# C:\Program Files\Common Files\microsoft shared\ink corrupted file directory



## tonedef (Apr 1, 2008)

Hi, 

I have been trying to install Microsoft Office and keep getting an error

Cannot access C:\Program Files\Common Files\microsoft shared\ink the file directory is corrupted. I have tried running scan disc and it doesn't work and have tried from the command window and it stops 73% through and say can't go any further to maintain system integrity.

Any suggestions?

Thank


----------



## jcgriff2 (Sep 30, 2007)

Hi tonedef - 

Welcome to the Tech Support Forum - Vista Support!

What version of Office are you trying to install (e.g, 2003 or 2007)?

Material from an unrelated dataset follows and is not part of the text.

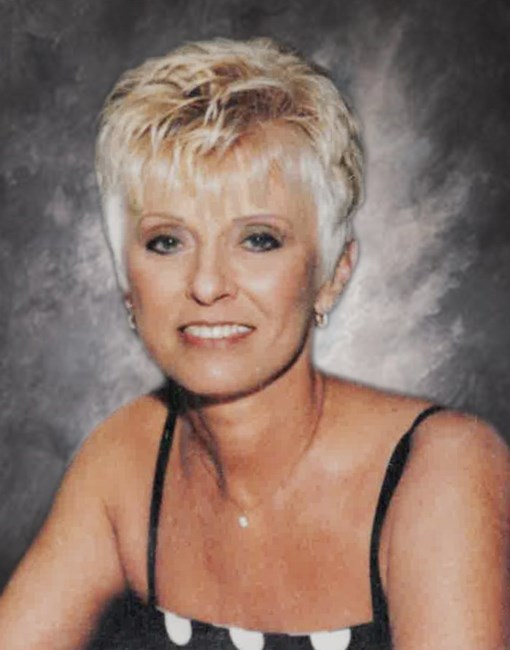 Avis de décès de Carolyn Mary Adams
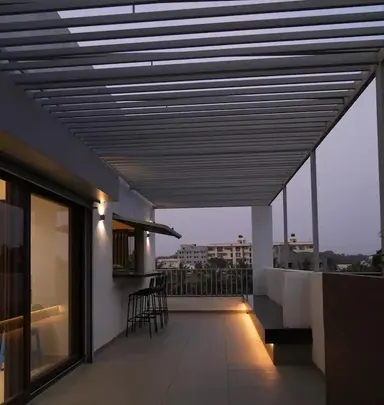 Elegant Contemporary Mansion image 27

Have you changed any file permission settings or "Taken Ownership" of any folders/files?

The "scan disk" that you mentioned running... was it "sfc /scannow"? If not, click on START | type cmd.exe in the Start Search box | right-click on cmd.exe | select Run as Admin

In the screen that comes up type the following:

sfc /scannow (space after sfc) - press ENTER

Let this run. Try Office re-install.

Good Luck. . .

jcgriff2


----------



## tonedef (Apr 1, 2008)

Hi jcgriff2,

Thanks for the reply. 

It is Office 2007.

Yes it was sfc /scannow, but I will try it again, who knows.

Thanks again.


----------



## jcgriff2 (Sep 30, 2007)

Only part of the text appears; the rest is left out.